Either good photos are needed or microscope. Many genera can be ided from pretty generic photos, but usually for species id you need to see microsculpture of their bodies, head shape, mandibles, etc. But of course there’re some species that are easily ided because of unique colour or shape.
Searching for species list of your region will help you to understand how they can look and what exactly you need to capture.
Do good old magnifying glasses work?
Of course, especially with dead ones.
I have done quite a bit of work with ants and still have trouble on some species ID’s, especially many of the Formica sp. Like @marina_gorbunova said, the genera can usually be picked apart pretty easy and I absolutely love “Ants of North America” by Brian L. Fisher and Stefan P. Cover. I would highly recommend having this book on hand if you are into ant ID. AntWeb.org is also another fantastic online resource. *EDIT: Sorry, I see you are not in the US so this book would not be beneficial, my bad! AntWeb.org might still be helpful!

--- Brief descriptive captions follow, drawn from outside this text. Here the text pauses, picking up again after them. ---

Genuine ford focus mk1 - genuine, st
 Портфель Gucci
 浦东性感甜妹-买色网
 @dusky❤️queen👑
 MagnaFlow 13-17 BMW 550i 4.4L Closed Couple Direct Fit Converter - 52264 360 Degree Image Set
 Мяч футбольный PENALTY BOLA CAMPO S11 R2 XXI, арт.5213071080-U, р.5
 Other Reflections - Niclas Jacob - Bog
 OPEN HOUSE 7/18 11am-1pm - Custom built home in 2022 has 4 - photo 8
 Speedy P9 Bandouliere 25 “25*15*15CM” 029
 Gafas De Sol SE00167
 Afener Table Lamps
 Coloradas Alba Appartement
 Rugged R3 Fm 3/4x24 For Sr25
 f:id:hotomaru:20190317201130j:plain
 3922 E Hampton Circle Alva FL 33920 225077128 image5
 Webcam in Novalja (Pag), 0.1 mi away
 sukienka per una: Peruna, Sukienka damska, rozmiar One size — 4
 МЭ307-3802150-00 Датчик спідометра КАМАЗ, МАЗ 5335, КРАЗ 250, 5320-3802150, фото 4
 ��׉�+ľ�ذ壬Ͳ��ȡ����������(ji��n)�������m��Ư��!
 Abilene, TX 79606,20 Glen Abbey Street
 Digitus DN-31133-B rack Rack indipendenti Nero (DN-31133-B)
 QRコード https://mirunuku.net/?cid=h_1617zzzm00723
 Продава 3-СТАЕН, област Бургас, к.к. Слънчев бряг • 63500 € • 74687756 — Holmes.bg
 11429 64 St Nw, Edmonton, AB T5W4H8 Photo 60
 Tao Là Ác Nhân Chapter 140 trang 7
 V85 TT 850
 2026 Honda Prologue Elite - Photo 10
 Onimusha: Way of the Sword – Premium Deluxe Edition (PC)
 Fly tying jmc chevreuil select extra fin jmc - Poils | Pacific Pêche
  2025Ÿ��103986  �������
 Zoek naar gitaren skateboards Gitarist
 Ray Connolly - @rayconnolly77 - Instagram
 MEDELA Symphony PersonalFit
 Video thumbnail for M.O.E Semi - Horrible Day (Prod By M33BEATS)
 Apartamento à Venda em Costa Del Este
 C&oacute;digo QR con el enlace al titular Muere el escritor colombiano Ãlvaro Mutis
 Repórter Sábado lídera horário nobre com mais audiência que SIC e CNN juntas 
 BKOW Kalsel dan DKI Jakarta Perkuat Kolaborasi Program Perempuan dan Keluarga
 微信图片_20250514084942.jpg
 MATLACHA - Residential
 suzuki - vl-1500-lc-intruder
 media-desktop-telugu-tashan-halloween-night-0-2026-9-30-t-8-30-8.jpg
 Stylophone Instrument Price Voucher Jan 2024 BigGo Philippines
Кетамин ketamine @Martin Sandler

One short rant - I worked at the C. P. Gillette Museum of Arthropod Diversity in Colorado which consistently has professors and experts checking identifications. Of their entire Pogonomyrmex (Harvester Ant) collection from Colorado, 85% are occidentalis and 15% are barbatus. When you look at those same collection records via photographs on iNaturalist it’s even. 50% barbatus and 50% occidentalis. Without a microscope, I am skeptical about the accuracy of some species identifications. Some characteristics are too minute to get with a photo. (Professors and experts can be wrong too!)
If I want to observe a small insect top, bottom, side, etc.; I chill it until it stops moving. I put the gently captured critter in a little cold dish (usually, jar lid in my case, though a Petri dish would be ideal) until it stops moving. Before it chills, while it is still active to climb out, I have a clear lid (left over from a spice jar*) I put over it.
Once it is chilled and stilled, I can take a pine needle (or tooth pick) to turn it over and look at it from different angles. I don’t use a good enough camera to really get good photos, but at least I can see the different sides for myself to learn a bit.
I just put a cold pack* from the freezer on the table and put the dish on it to get cold. I usually put a piece of paper towel in the dish to absorb condensation.
When I’m done, I let it go and it usually warms up enough to recover and crawl off in a few minutes.
Welcome to the Forum! That’s pretty interesting about the discrepancy in ID ratios ! I wonder if the numbers are locale-biased?
Ants are pretty fascinating creatures on any level. Our neighborhood was invaded by tons of Argentine Ants last summer and fall. It was an epic effort even into the early winter to keep them at bay with cinnamon, baby powder, and baking powder. I wonder if they would be back in such big numbers as it warms up?